Egloshayle 1 (now at Pencarrow) is the only example in this group which is not in an obviously ecclesiastical setting. Moreover information on its find-spot is unspecific and conflicting, making it difficult to discuss its original context; however, it may be significant that it is close to Bodmin, and at the centre of the distribution of the trefoil-holed crosses. Langdon gives most detail on the discovery of the stone (Langdon, Arthur 1896, 194–5). According to Langdon, it was found by a farmer at Trescowe when repairing a fence (probably a stone-faced earth bank rather than a wooden or wire fence) adjoining one of his fields, which was formerly a part of the Pencarrow deer park. Trescowe is a farm just to the east of Pencarrow, the two being separated by a small stream which forms the boundary between the parishes of Egloshayle and St Mabyn. An alternative suggestion, that the cross was brought from Bodmin Moor in the eighteenth century (Harvey 1978, 114), can probably be dismissed as being much later and with no supporting information.

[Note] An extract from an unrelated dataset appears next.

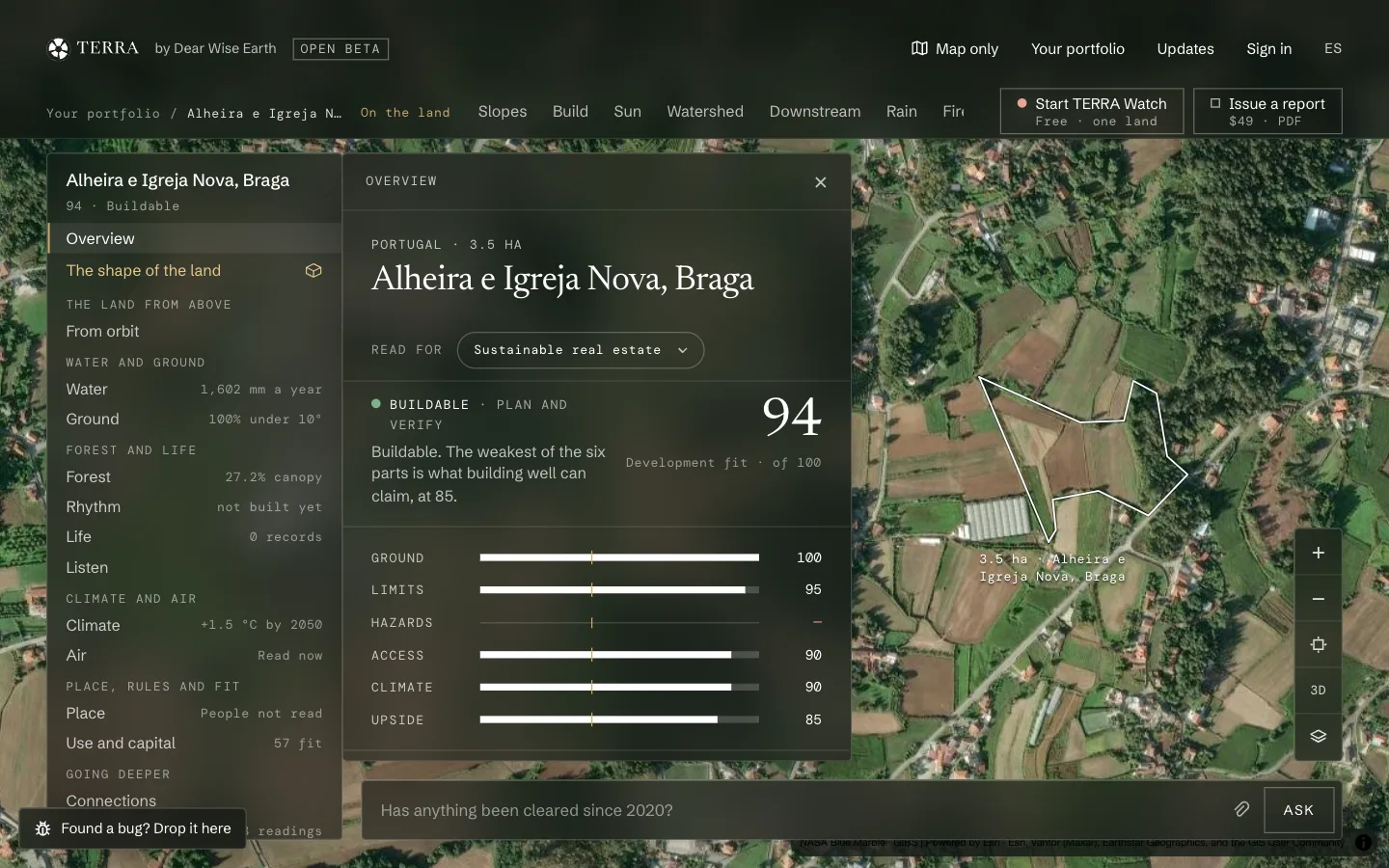 A land's page on TERRA read for Sustainable real estate: Alheira e Igreja Nova, Braga, in Portugal, a 3.5 ha lot, Buildable with a development fit of 94 of 100, the six parts as bars and the satellite photograph of the lot's boundary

Langdon's description of the find-spot may indicate a connection with the deer park, but since the earliest park in this area, which was associated with a mansion of the Peverells at Park (SX 031 092), may not have been emparked until the fourteenth century (Henderson, C. 1935, 158, 162) and in all probability lay to the west of Pencarrow and Trescowe (Peter Herring, pers. comm.), this suggestion can probably be ruled out. The other park in the area, associated with Pencarrow itself, appears to have been of far later origin (Henderson, C. 1935, 162; Pett 1998, 261) and so it seems more likely that the cross was used as a simple building stone in the construction of the pale; however, due to its size, it may not have been transported very far to fulfil this secondary role. The deer park pale possibly described an approximately oval shape around Pencarrow, its line roughly following the C road to the west and south of Pencarrow, the B road to the south-east, and the valley separating Trescowe and Pencarrow to the north and east.

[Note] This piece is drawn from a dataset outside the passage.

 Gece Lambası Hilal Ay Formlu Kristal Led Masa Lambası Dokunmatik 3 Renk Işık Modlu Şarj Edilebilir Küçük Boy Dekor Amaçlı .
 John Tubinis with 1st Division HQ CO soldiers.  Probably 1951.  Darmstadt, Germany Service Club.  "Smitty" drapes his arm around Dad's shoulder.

Given that the valley between Pencarrow and Trescowe is a parish boundary, it is an alternative possibility that the cross was associated with the parish boundary, although so great a cross seems unlikely to have been tucked away in a valley and reserved solely for this purpose. On the other hand, as the deer park boundary may have run south from Trescowe to follow the line of the B3266 road from Bodmin to Camelford around the north-west edge of Bodmin Moor, this road is perhaps a more likely location for the original site of the cross.
Here, the cross could have acted as a wayside cross and would still have stood close to the parish boundary. It might also have had some significance in relation to St Petroc's monastery at Bodmin, less than 6 km distant, perhaps marking the approach to lands owned and controlled by the monastery, although the surrounding land was all in secular ownership in 1086. A similar suggestion has been made in relation to a later medieval cross with fleur-de-lys emblem on its head and found in the same general area. Bodmin Priory, the later medieval successor of St Petroc's monastery, was dedicated to the Blessed Virgin Mary and St Petroc and the fleur-de-lys was a symbol of Mary (Langdon, Arthur 1896, 337–8).
In the absence of any decoration, the cross is dated in the same way as others with trefoil-shaped holes.